Having written that, there might be ways to circumvent building such huge cache files. However, we cannot tell without further analysis and more information. For example, what are your sources, how large are they, how are they structured (a rough description is enough), how are the sources related, what does the mapping do.
And last not least: which version of PowerCenter / Informatica platform do you work with on what OS / HW platform?
Thanks for responding to the question.
we are pulling data from 2 sql server tables and loading it to flat file.

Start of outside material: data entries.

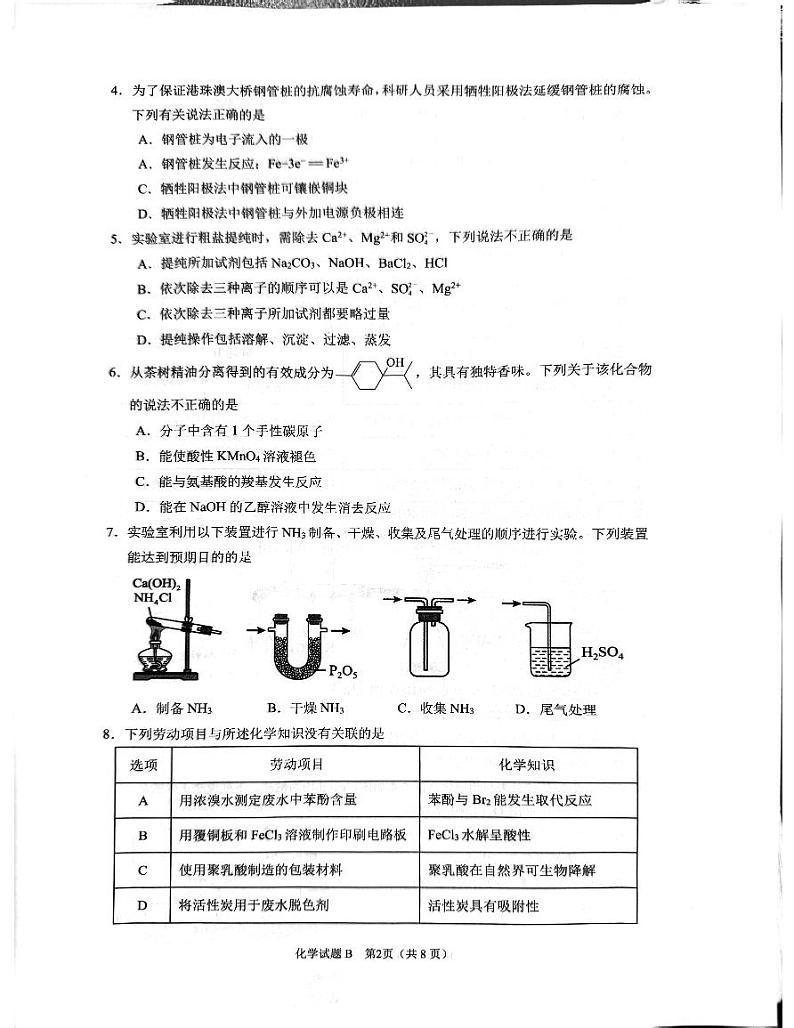 2025届广州市高三上学期12月调研测试化学试题（含答案）第2页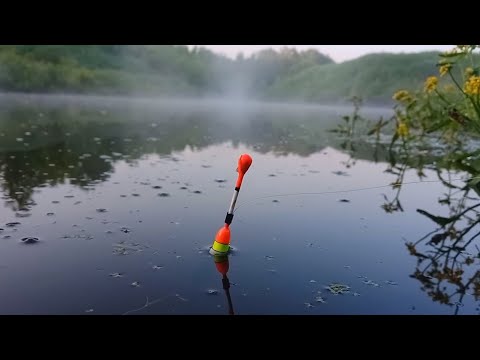 Видео: КРУПНЫЕ КАРАСИ В ПЕРЕСЫХАЮЩЕЙ ЛУЖЕ! Рыбалка на поплавок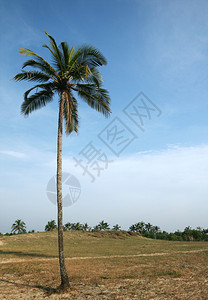 一个热带椰子棕榈和多图片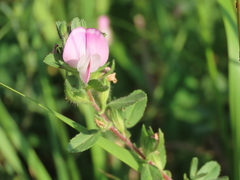 Ononis spinosa spinosa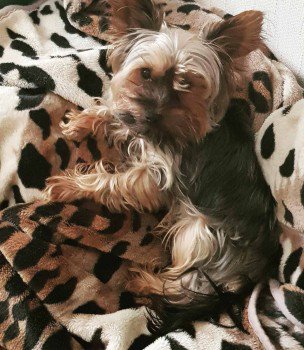 millypod1's tweet photo. 🆘WALTER #Lost #ScanMe
Black &amp; Tan Yorkshire Terrier Male

POSSIBLE sightings early hours Saturday Boston Avenue running back towards Town Hall

Lost : #Grangeway #Runcorn #Halton #Cheshire #WA7
PLEASE SHARE😢

#WA4 #WA5 #WA6 #WA8
https://t.co/UbqrRnfKSo … https://t.co/PGrZ7ExGBP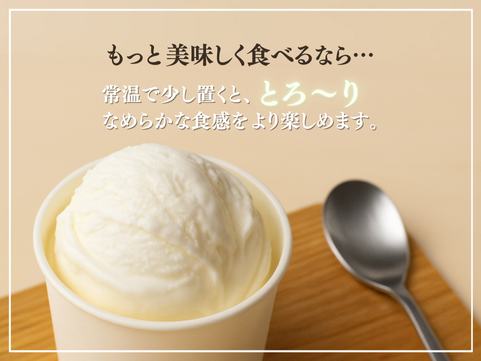 եȤäפꥸ顼STELLA ¥å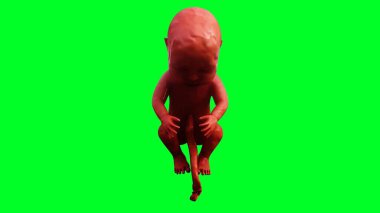 unborn baby fetus in amniotic sac. Realistic green screen. 3d rendering clipart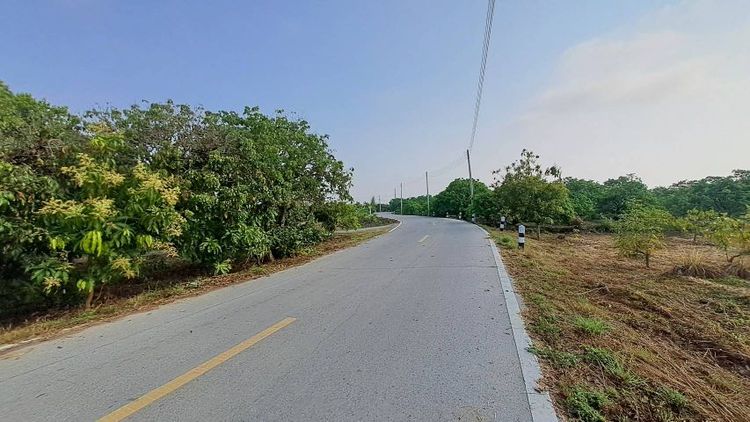 ไม่ใช่ ขายสวนมะม่วงติดถนนลาดยาง เหมาะทำบ้านสวน  สวนเกษตร น้ำไฟพร้อม รูปที่ 3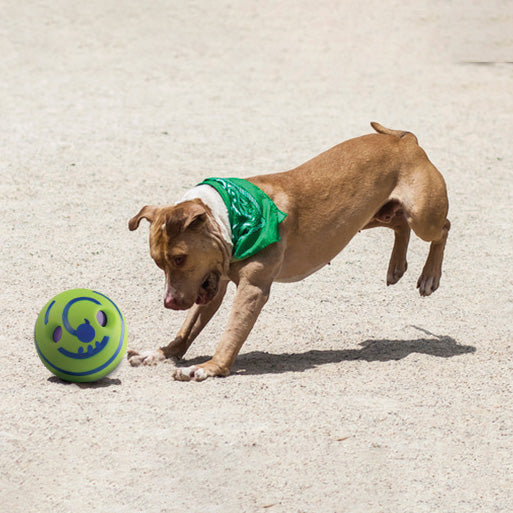 Pet Giggle Ball 15Cm Interactive Sound Toy for Indoor and Outdoor Fun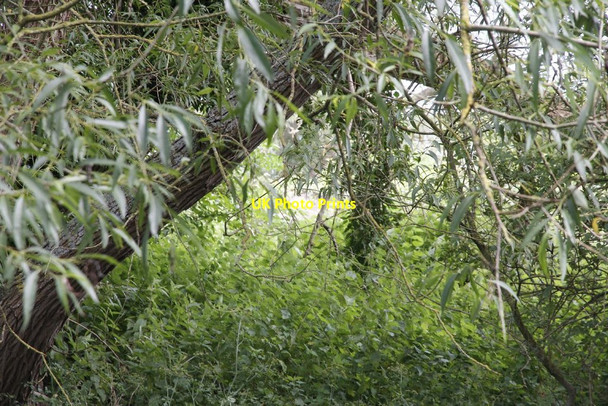 Photo 6"x4" Pillbox through the trees Lechlade on Thames c2012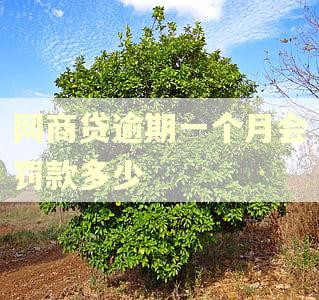 网商贷逾期一个月会罚款多少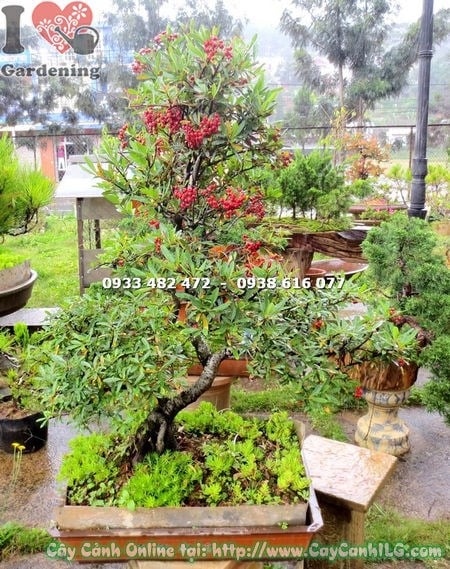 Dáng bonsai táo gai cao 80cm nghệ thuật cổ kính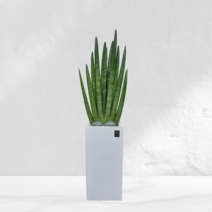 에코플랜트 대형화분 개업 거실 인테리어 실내 식물 카페 승진 사무실이전 화분 배송[서울.경기 평일 당일배송] <지방 및 영종도 가평 강화도 배송불가>, 20. 스투키 회색, 1개” class=”wr-img”></a></div>
</p></div>
</p></div>
</p></div>
<div class=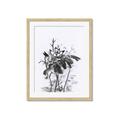 Picture of Black Daisy I _GroupedProduct_Rectangle_Portrait_Framed_Matted_
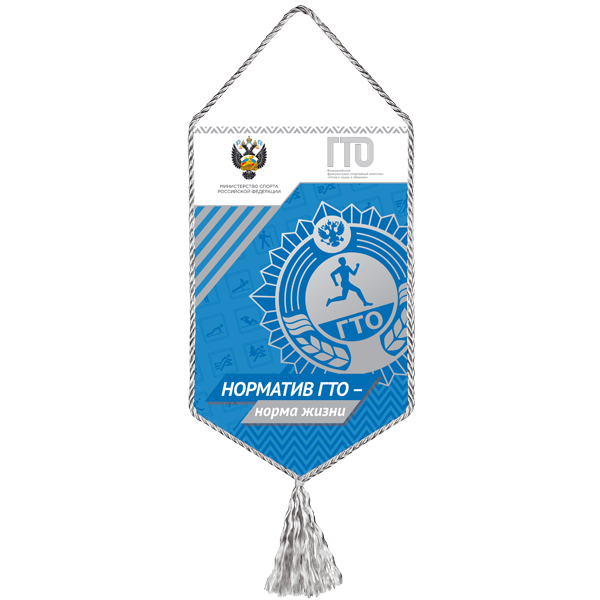 Вымпел ГТО синий (120х197 мм)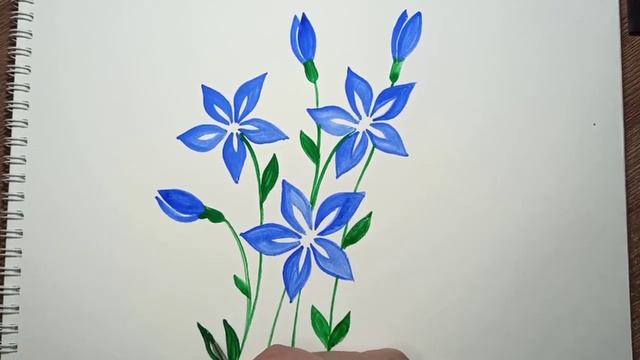 Как нарисовать цветы с пятью лепестками. смотреть онлайн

There is foreign key relationship between two tables
we have an expression immediately after the two SQ, then a sorter
SQ --> EXP-->SRT(asc on PK)--> joining with JNR below
SQ-->EXP-->SRT(asc on FK and desc on update date field)-->AGG--> SRT-->JNR(normal joining both Sources)-->EXP-->TRGT
Its a concurrent workflow.
1st run - 124K, 316K
2nd run - 108K, 274K
3rd run - 322K, 894K
4th run - 371K,1009K
5th run - 459K,1278K
6th run - 20K, 58K
7th run - 7K, 18K
Informatica 10.2, UNIX OS
Please let me know,
how I can reduce the sorter temp file getting generated
That's not sufficient information. How large is each record? On average, as the Sorter almost always sorts only according to "real" data and not in the defined maximum width.
Below are the session statistics:
Sorter - For Transformation [srt_C], memory used is  bytes and row size is 202664 bytes.

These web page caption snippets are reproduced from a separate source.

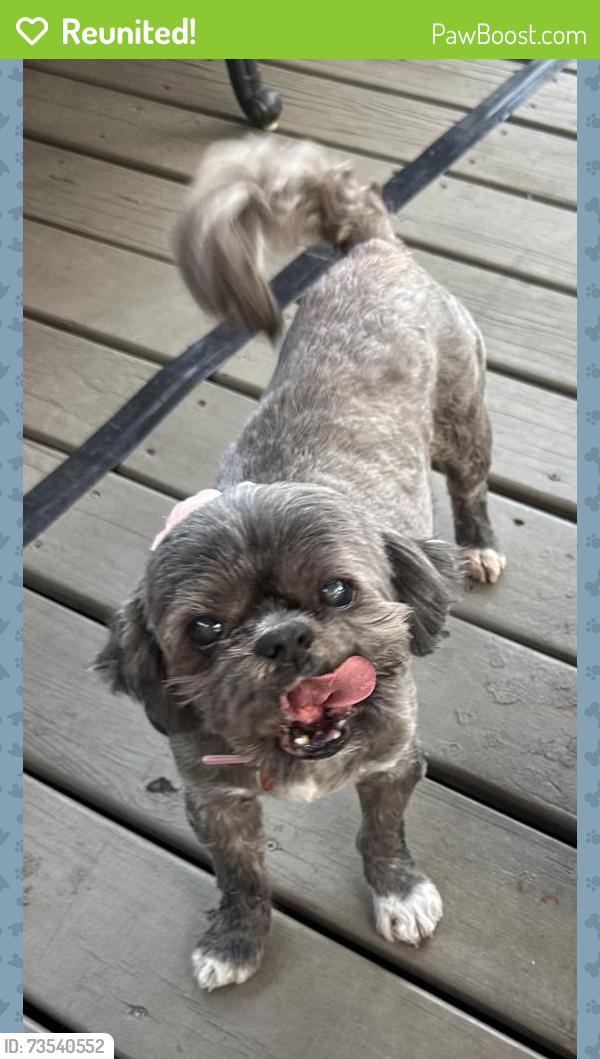 Reunited Female Dog last seen Hurstview and Cimarron, Hurst, TX 76054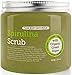 Spirulina Exfoliating Body Scrub, 100% Natural with Organic Hawaiian Spirulina Powder, Blue Green Algae Superfood Antioxidant Scrub for Face & Body - by Pure Body Naturals, 12 Ounce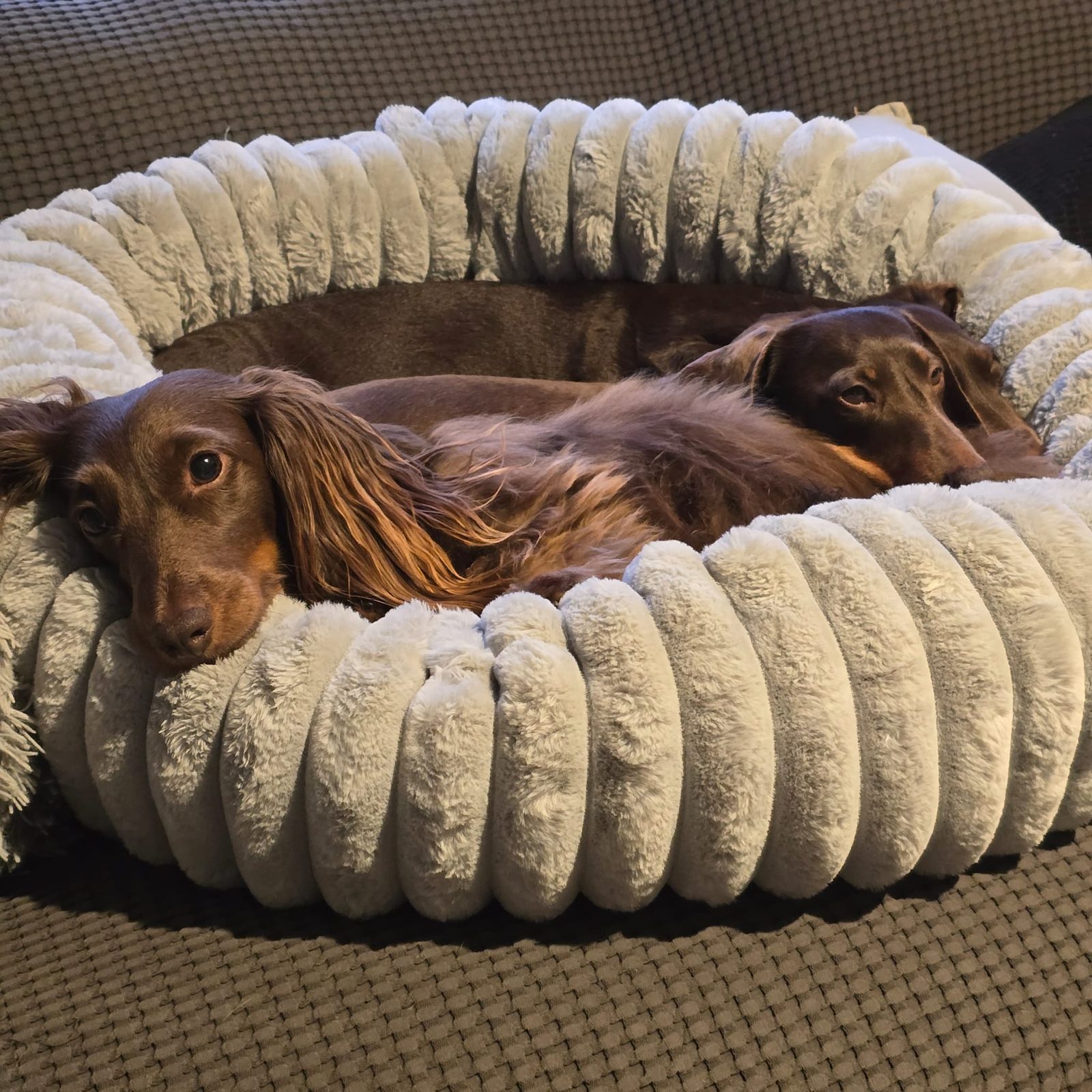 Roo, with her long ears, sharing a bed with her sister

TRANSF_1_4_1 SORT_40422 SORT_40422 End of output from Sorter Transformation [srt_C]. Processed 459021 rows (93027031944 input bytes; 471752245248 temp I/O bytes). : (Sun Oct 06 22:17:59 2019)
TRANSF _1_4_1 SORT_40426 Performance Warning! Sorter Transformation [srt_C] required 6-pass sort with
471752245248 temp I/O bytes. The cache size was so small that it required multiple passes of intermediate disk I/O with the temp file. This severely
impacted the performance. The cache size should only need to be a small fraction of input data size, in addition to the minimum size about 8MB, to
achieve reasonable performance. Please try to set it to at least 427MB for 2-pass sort (1-pass temp I/O), or better 91503MB for 1-pass in-memory sort.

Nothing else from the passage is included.